This site is entirely user-supported. See how you can help.
Latitude: 56.1122 / 56°6'43"N
Longitude: -3.1596 / 3°9'34"W
OS Eastings: 327987
OS Northings: 691655
OS Grid: NT279916
Mapcode National: GBR 29.LXT8
Mapcode Global: WH6RV.FMNN
Entry Name: 37 Kirk Wynd with Boundary Walls
Listing Date: 10 September 1979
Source: Historic Scotland
Source ID: 381078
Historic Scotland Designation Reference: LB36323
Building Class: Cultural
Electoral Ward: Kirkcaldy Central
Traditional County: Fife
18th century, with 1901 wing by Robert Little. 2-storey and attic, 3-bay classical house converted to legal office. Harled with stone margins and quoin strips; ashlar wing. Eaves course. Architraved doorway, canted window with blocking course. Stone mullions.

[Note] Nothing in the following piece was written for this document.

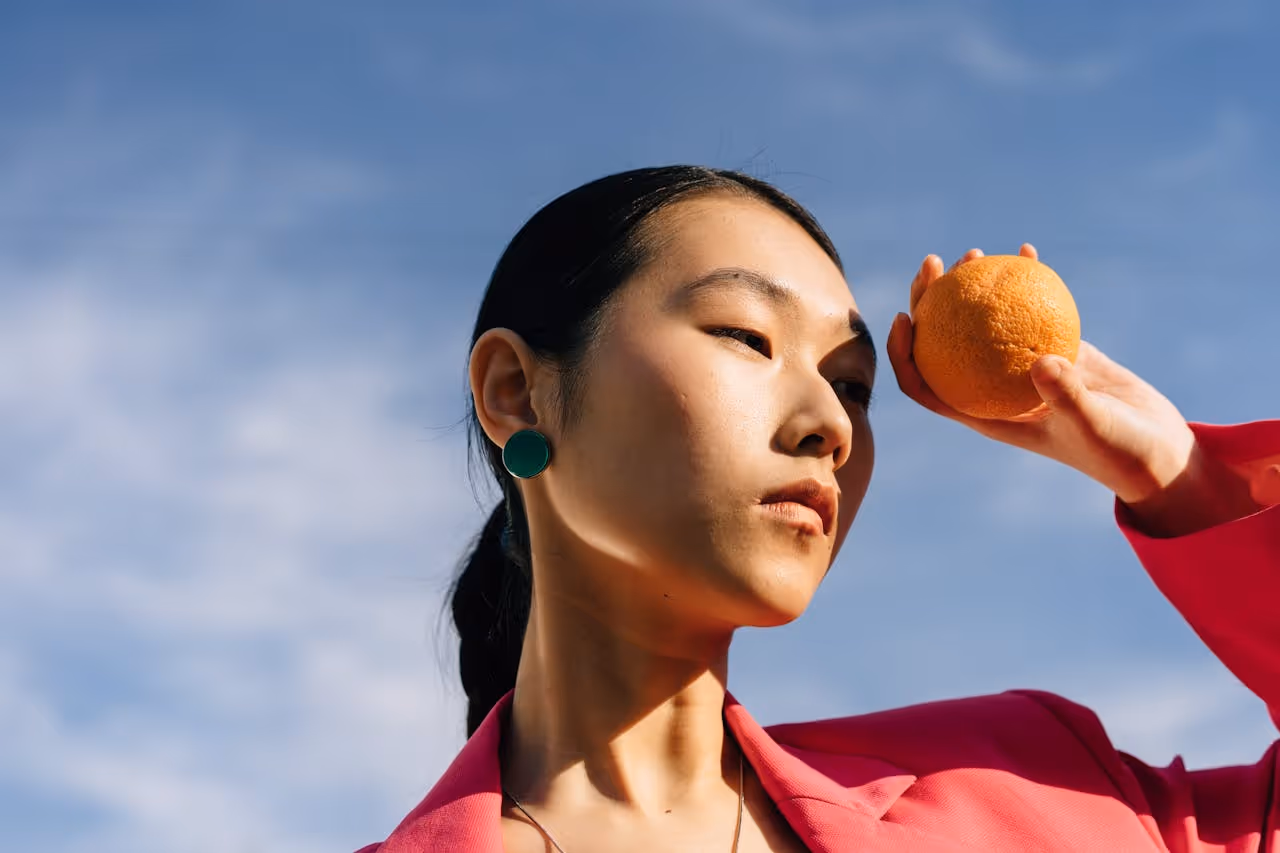 Woman in a pink suit holding an orange.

E (PRINCIPAL) ELEVATION: deep-set timber door to centre with window in bay to right and canted quadripartite window with delicate wrought-iron parapet to left; regular fenestration to 1st floor. Slightly recessed, small single storey extension with panelled timber door and plate glass fanlight to left, window to right.
S (HUNTER STREET) ELEVATION: window to centre at 1st floor and in gablehead.
W ELEVATION: flat-roofed extension (former garage/gig house) at ground, stair window to centre and windows to outer bays at 1st floor. 4 small modern rooflights.
Mainly 12-pane glazing pattern, with small-pane over plate glass lower sashes to canted window, all in timber sash and case windows. Grey slates. Coped ashlar gablehead stacks with full complement of cans, ashlar-coped skews. Decorative wrought-iron brattishing over canted window and at eaves (E and W).
INTERIOR: original and late 19th century decorative fixtures. Some plain cornicing and dado rails; vestibule with screen door (flanking lights blocked) and decorative-astragalled fanlight, curved stair with decorative cast-iron balusters and timber handrail; ground floor office to S with carved fireplace and overmantel, panelled soffits and dentilled cornice to architraved cupboard opening. Cast-iron fireplaces to attic rooms, round-headed fireplace with cast-iron grate and decorative Victorian fireplace with tiled cheeks. Extension with etched glass in screen door and timber fireplaces in angles of 2 rooms to N wing with overmantels of shelves and cupboards and Art Nouveau style beaten copper lintels.
BOUNDARY WALLS: low saddleback-coped boundary walls and semi- circular-coped, shaped rubble wall with window and moulded ashlar arched pedestrian gateway to Hunter Street elevation.
N wing glazing formerly with coloured glass to upper sashes. This building was formerly the Lodge for St Brycedale House (listed separately as Hunter Hospital) and was known in 1901 as 'Brycelaw'.